Tolérer, c’est cautionner

 

Ce n’est pas facile de recadrer un employé, mais surtout ce n’est jamais très agréable. Généralement, on préfère les félicitations aux remontrances. Mais attention, tolérer des comportements au travail qui ne sont pas professionnels ou qui ne répondent pas aux règles de vie du bureau, ou encore une performance non satisfaisante (et l’accepter dans la durée), c’est au final les cautionner. Et du même coup, aux yeux de l’employé en question et de ses collègues de travail, c’est légitimer une situation qui ne devrait pas l’être. À terme, le problème qui va se poser, c’est l’effritement de la crédibilité du gestionnaire et l’instauration insidieuse d’un sentiment d’injustice, particulièrement démotivant pour les employés qui, eux, se conforment aux exigences.

Certains employés ont cette tendance (avouez d’ailleurs que vous aussi parfois…) à tester les limites de leur supérieur pour voir jusqu’où ils peuvent aller.
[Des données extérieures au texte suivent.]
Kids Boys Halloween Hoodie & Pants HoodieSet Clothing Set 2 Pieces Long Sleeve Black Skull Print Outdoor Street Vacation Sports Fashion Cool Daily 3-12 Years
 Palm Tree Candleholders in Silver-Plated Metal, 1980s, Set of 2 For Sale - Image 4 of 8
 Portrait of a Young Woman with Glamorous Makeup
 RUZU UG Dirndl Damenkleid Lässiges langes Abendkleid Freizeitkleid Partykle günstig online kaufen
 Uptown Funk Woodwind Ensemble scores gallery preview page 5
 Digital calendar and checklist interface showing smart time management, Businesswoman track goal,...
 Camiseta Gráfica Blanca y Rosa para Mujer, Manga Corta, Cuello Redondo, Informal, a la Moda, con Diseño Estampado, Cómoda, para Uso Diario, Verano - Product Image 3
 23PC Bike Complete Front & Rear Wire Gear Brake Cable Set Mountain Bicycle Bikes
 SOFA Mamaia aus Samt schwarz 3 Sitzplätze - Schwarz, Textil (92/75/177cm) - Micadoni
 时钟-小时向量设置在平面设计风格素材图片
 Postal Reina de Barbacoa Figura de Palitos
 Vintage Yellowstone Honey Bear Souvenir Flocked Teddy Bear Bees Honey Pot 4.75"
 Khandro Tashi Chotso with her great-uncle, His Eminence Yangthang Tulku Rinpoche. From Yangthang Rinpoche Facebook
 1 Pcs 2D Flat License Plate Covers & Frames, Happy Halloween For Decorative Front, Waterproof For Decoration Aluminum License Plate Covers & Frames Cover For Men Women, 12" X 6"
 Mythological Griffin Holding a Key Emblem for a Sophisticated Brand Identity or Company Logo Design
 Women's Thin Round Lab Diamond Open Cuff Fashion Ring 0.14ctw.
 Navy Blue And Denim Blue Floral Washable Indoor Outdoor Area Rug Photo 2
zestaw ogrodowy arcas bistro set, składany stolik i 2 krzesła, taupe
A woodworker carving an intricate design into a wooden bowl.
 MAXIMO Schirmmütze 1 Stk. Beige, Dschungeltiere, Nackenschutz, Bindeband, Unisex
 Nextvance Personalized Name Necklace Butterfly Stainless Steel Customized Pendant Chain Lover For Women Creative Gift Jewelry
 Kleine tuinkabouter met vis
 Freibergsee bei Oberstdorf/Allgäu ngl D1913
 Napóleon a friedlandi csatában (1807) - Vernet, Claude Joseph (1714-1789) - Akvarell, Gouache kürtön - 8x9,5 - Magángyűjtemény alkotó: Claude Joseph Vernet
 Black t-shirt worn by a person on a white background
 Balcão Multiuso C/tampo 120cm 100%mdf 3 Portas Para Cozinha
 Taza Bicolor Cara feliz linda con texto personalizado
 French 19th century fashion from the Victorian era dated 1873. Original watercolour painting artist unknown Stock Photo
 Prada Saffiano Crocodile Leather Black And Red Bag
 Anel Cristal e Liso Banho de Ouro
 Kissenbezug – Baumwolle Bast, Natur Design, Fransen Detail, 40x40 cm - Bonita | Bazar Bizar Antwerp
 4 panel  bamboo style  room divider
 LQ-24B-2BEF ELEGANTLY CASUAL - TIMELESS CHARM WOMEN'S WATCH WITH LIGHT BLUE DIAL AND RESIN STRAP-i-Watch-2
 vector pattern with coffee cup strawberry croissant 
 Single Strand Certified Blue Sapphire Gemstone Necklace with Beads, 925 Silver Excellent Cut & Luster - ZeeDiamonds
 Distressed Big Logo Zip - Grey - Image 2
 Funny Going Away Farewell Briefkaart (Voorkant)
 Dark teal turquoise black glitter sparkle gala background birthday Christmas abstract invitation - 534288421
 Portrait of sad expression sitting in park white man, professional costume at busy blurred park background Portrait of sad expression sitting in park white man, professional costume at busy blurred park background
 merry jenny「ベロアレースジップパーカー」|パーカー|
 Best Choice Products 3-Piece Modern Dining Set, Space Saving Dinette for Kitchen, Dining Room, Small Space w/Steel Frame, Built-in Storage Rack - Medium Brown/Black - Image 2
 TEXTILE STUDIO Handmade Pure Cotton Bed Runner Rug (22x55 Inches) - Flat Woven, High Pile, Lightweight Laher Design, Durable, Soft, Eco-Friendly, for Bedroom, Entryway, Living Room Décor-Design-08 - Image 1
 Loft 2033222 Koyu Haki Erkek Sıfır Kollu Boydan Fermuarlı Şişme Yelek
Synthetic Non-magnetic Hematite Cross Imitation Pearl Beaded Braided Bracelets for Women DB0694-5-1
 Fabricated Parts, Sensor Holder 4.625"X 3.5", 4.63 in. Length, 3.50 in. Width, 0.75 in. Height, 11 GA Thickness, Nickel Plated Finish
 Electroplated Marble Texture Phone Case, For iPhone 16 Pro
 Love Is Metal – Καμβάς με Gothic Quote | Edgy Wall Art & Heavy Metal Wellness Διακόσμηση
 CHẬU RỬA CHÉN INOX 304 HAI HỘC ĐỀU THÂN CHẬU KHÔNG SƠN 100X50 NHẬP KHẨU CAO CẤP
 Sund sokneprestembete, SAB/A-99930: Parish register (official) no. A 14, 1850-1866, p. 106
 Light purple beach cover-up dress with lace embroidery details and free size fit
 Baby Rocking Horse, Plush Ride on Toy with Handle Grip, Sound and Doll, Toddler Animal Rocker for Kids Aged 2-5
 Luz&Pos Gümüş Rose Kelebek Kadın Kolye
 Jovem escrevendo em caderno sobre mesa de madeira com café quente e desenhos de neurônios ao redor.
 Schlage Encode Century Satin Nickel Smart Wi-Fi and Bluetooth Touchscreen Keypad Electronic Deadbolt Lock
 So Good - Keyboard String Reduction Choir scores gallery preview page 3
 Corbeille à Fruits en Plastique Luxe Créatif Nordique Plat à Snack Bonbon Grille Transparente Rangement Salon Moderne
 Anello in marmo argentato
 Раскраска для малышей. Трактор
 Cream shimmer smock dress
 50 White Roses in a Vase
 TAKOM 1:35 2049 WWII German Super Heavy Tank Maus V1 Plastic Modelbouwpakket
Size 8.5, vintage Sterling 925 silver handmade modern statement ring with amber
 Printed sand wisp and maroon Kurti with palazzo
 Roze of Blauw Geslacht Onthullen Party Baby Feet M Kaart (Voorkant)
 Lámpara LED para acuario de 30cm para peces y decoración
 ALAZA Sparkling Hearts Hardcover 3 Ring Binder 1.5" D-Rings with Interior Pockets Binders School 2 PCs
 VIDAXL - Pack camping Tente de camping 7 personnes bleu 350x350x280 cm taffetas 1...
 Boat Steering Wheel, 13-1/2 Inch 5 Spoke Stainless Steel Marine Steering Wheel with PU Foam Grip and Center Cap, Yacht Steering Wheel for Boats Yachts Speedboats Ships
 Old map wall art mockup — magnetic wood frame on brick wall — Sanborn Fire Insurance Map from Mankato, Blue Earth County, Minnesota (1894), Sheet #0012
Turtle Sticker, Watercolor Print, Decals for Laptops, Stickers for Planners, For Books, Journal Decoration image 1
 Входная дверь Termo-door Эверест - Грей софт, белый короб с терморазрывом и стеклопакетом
De bonne guerre, certes, mais attention, c’est au supérieur de mettre les points sur les « i » et ne pas laisser traîner une situation. Une équipe, ça s’éduque aussi. Loin de moi le discours paternaliste mais, si on ne corrige pas au fur et à mesure, le comportement prend du « lousse » et laisse place à une nouvelle attitude qui, à terme, n’est pas acceptable mais… devient la norme. C’est ça « cautionner », et les patrons qui évitent les confrontations à tout prix sont plus à risque.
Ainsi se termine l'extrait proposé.